Zelkova - 100 Million+ SMT Queries a Day
ABSTRACT
Zelkova is a distributed system that uses automated reasoning to answers logical questions about security policies, like "does principal A have access to resource B" or "is resource C accessible by unauthenticated principals." Zelkova does this by translating both the input policy and question into an SMT query and calling a portfolio of solvers. Launched five years ago, Zelkova has become a critical part of Amazon Web Services (AWS) "provable security" initiative, growing to process over a billion SMT queries a day.
This talk will focus on the lessons we've learned running Zelkova in production and at scale. In particular, we will cover the techniques that we use to measure and improve performance, availability, and correctness, and how these have evolved over time. We will talk about service level agreements (SLAs), how these differ from services that do not use automated reasoning, and how to communicate the differences and build trust with prospective customers. We will also talk about some of the unsolved challenges to-date and where we think Zelkova will go in the future.

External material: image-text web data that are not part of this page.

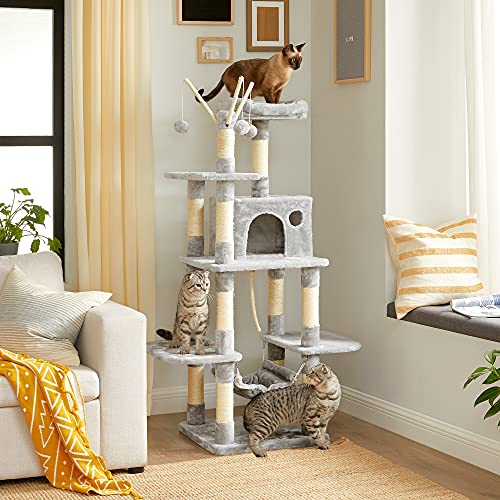 Cat Tree, Cat Condo with Hammock, Perch, Cat Tower, Light Grey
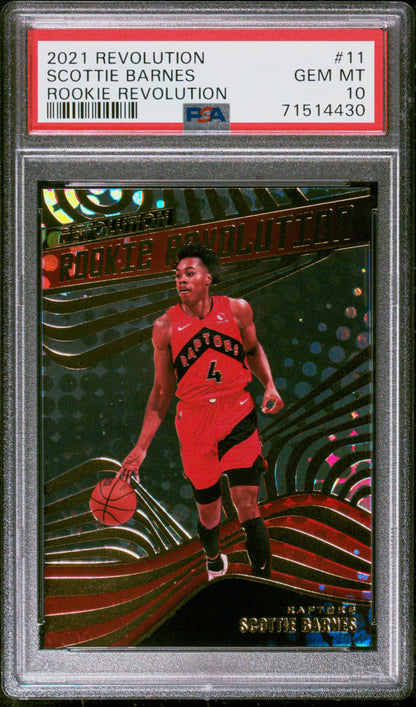 2021 PANINI REVOLUTION ROOKIE REVOLUTION #11 SCOTTIE BARNES ROOKIE REVOLUTION- GRADED PSA 10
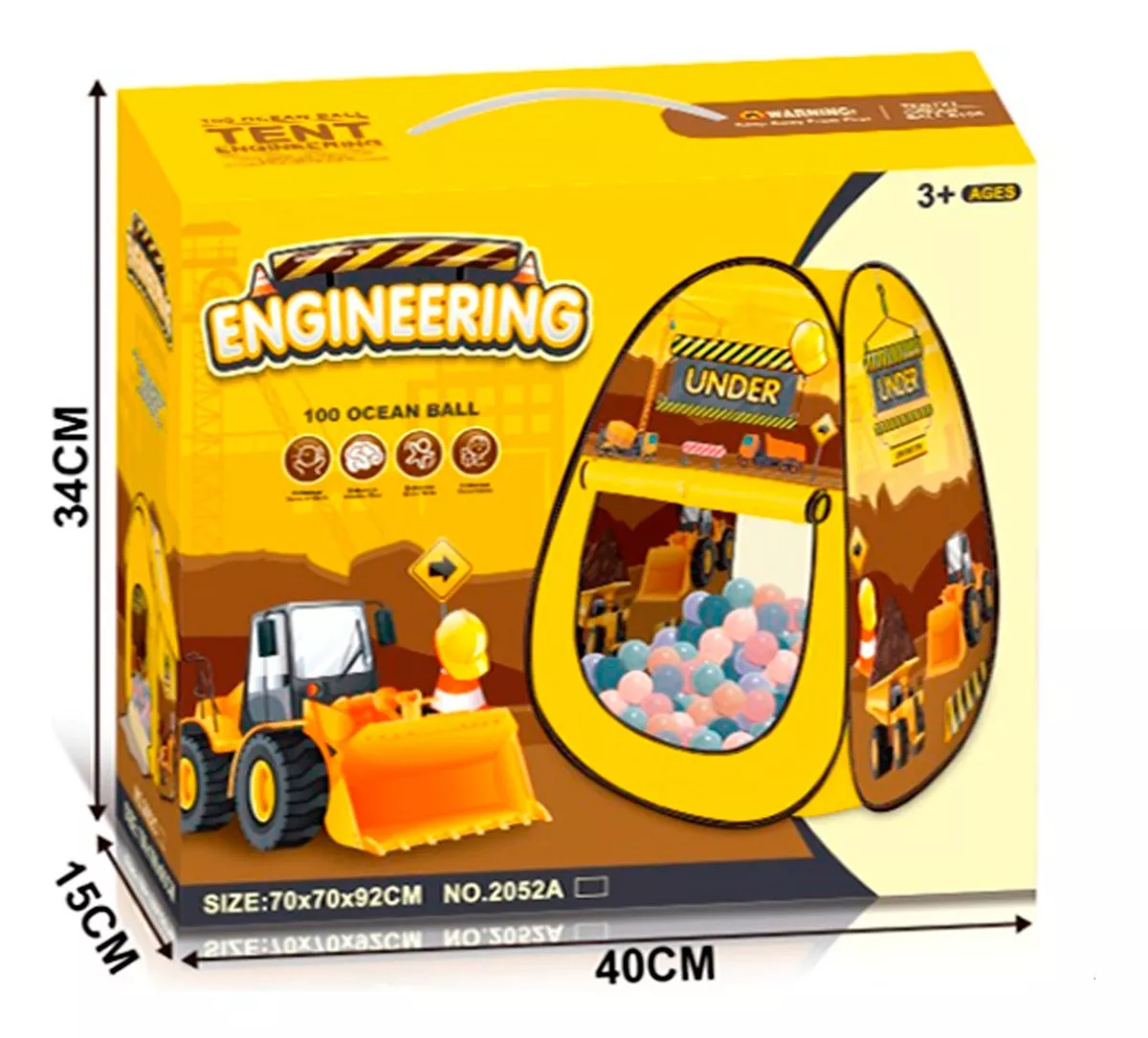 CARPA INFANTIL PISCINA 100 PELOTA INGENIERO JUEGO NIÑOS - 4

This talk will be relevant to conference attendees who want to know more about building and operating an automated reasoning-based service in production and at scale.
Author
Jeremiah Dunham leads the Provable Permissions team at Amazon Web Services (AWS), and cares deeply about using math to make the world a better place. He has held a variety of roles at AWS and has received 8 patents during his 8+ years there. Prior to joining AWS, Jeremiah worked in a variety of engineering, consulting and leadership roles at companies including Microsoft and Alaska Airlines. Outside of work, Jeremiah loves running, reading, and craft beer.